75.OOO pixels viennent d'être aspirés dans un trou noir !
Le futur sera peut-être différent mais sur cette planète nous vivons encore grâce à la publicité.
Astuce N°4 : Au secours ! Un Publi-killer se ballade dans le coin. Une seule solution, le désactiver pour de bon.
On vous aime et nous vous souhaitons une bonne lecture. "Longue vie et prospérité !"

Critique du jeu de société : Le Trône de Fer [2005], par Nicolas L.

Avis critique rédigé par Nicolas L. le mardi 13 octobre 2009 à 20h01

Westeros sur un plateau

Le jeu de plateau du Trône de Fer prend comme décor l'univers de l'oeuvre de George R. R. Martin sans récupérer totalement le canevas complexe tissé par les romans. On se retrouve donc devant cinq grandes maisons (les Tyrrell, les Baratheon, les Lannister, les Greyjoy et les Stark) engagées dans une lutte de pouvoir ayant pour enjeux la domination de Westeros.

Le Trône de Fer, selon toute évidences, ne prend sa véritable ampleur qu'à cinq joueurs (même s'il est jouable à partir de trois joueurs) car ce gros jeu à l'esthétique très soignée (FFG et Edge oblige), fort en matériel de qualité, est avant toute chose un jeu d'alliances (stratégie et bluff sont donc de mise) ne laissant que peu de place à l'aléatoire.

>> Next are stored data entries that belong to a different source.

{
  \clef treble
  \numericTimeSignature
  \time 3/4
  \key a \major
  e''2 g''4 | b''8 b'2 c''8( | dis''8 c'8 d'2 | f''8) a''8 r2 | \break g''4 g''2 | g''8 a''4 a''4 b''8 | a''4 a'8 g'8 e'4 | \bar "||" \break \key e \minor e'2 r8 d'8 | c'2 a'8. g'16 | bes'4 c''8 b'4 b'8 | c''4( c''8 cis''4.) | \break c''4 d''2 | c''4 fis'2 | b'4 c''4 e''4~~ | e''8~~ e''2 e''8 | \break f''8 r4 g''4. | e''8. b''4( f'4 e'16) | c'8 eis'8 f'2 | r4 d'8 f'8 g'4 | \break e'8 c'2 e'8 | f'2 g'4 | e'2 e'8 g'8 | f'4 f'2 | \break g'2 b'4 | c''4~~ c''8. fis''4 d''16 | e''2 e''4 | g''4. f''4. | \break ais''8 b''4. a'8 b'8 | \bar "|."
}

La mécanique mise en place par Christian T. Petersen est astucieuse, fluide et intuitive. J'y ai relevé deux points forts:
- Le système d'ordres simultanés (chaque joueur pose des pions Ordre, face cachées, à coté de ses unités, et on les retourne tous simultanément) et leur principe exécution est simple, rapide et logique. Lorsque vient la phase d'exécution des ordres, le joueur applique à chacune de ses unités l'un des ordres suivants: mouvement (qui entraînent une attaque si la région de destination est occupée par des unités adverses), défense (donne un bonus au combat à l'unité désignée), pillage (redoutable puisque activé en premier) et soutien. Simple mais étonnamment peu limitatif.
- La détermination de l'influence de chaque maison se fait lors d'une phase d'enchères cachées (déclenchée par une carte évènement) engagée sur trois échelles aux conséquences différentes mais tout aussi importantes (ce qui permet à chaque joueur de développer sa propre stratégie). L'échelle du Trône de Fer permet de déterminer l'ordre d'activation des Maisons, l'échelle des Fiefs donne un avantage au combat, et l'échelle de la Cour du Roi permet d'utiliser un éventail d'ordre plus large.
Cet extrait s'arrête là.